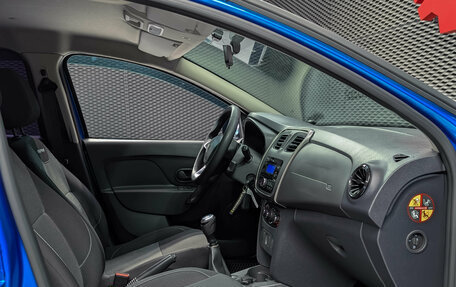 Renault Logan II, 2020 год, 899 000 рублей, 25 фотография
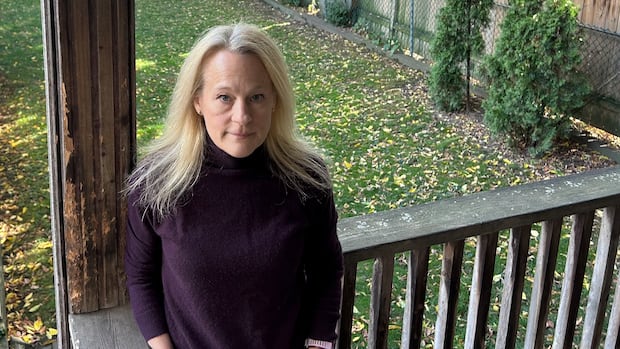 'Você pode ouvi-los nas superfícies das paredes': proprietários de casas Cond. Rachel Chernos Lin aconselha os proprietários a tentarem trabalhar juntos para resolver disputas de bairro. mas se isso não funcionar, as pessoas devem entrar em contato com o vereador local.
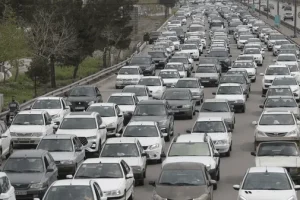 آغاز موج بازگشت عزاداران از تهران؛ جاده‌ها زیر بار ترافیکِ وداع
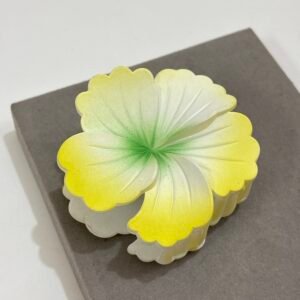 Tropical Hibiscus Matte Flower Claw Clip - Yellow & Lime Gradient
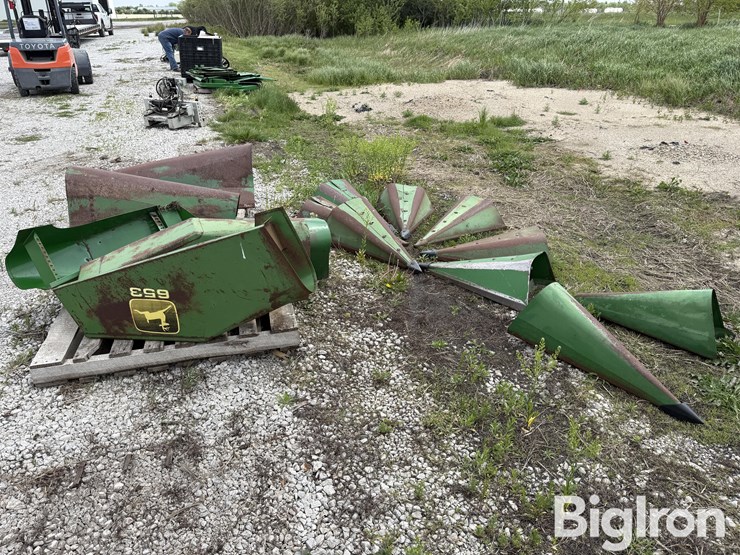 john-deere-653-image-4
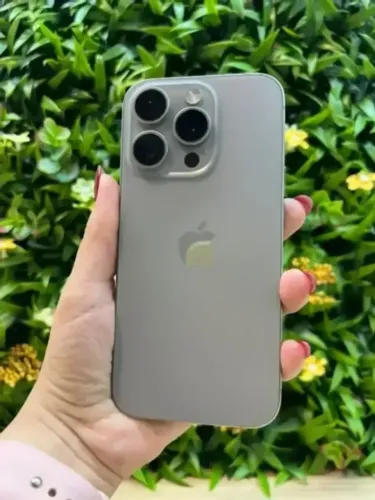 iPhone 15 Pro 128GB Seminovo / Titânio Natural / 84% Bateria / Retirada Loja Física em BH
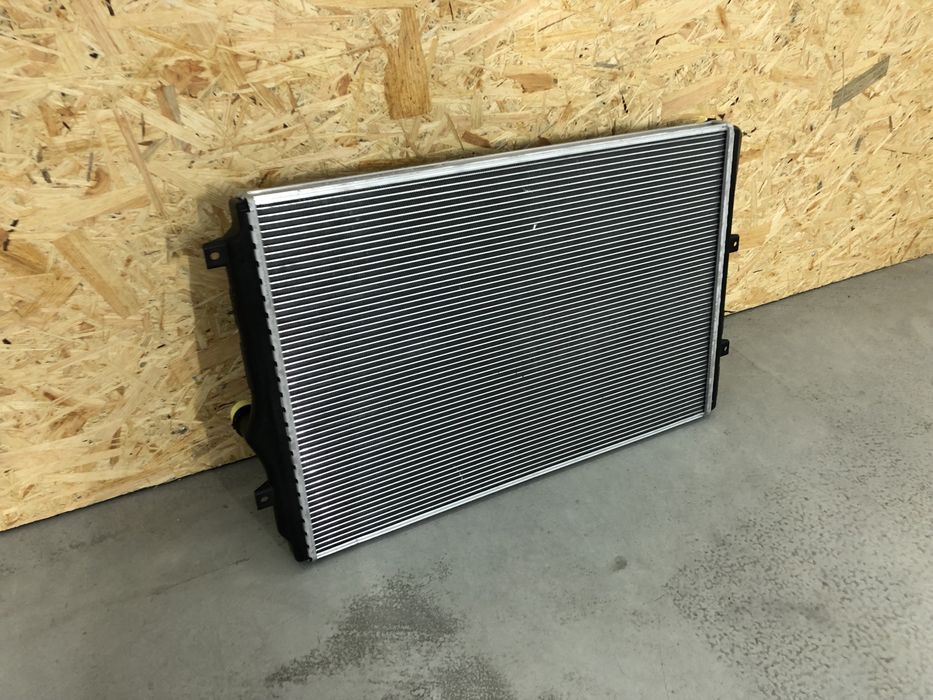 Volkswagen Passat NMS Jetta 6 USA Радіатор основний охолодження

_ _ _ _ _ _ _

→ WHAT THIS TASK INVOLVES
When you transcribe the entries above, keep every word exact and leave out the pictures.

→ TASK OUTPUT
 Renault Logan II, 2020 год, 899 000 рублей, 25 фотография
 'Você pode ouvi-los nas superfícies das paredes': proprietários de casas Cond. Rachel Chernos Lin aconselha os proprietários a tentarem trabalhar juntos para resolver disputas de bairro. mas se isso não funcionar, as pessoas devem entrar em contato com o vereador local.
 آغاز موج بازگشت عزاداران از تهران؛ جاده‌ها زیر بار ترافیکِ وداع
 Tropical Hibiscus Matte Flower Claw Clip - Yellow & Lime Gradient
 john-deere-653-image-4
 iPhone 15 Pro 128GB Seminovo / Titânio Natural / 84% Bateria / Retirada Loja Física em BH
 Volkswagen Passat NMS Jetta 6 USA Радіатор основний охолодження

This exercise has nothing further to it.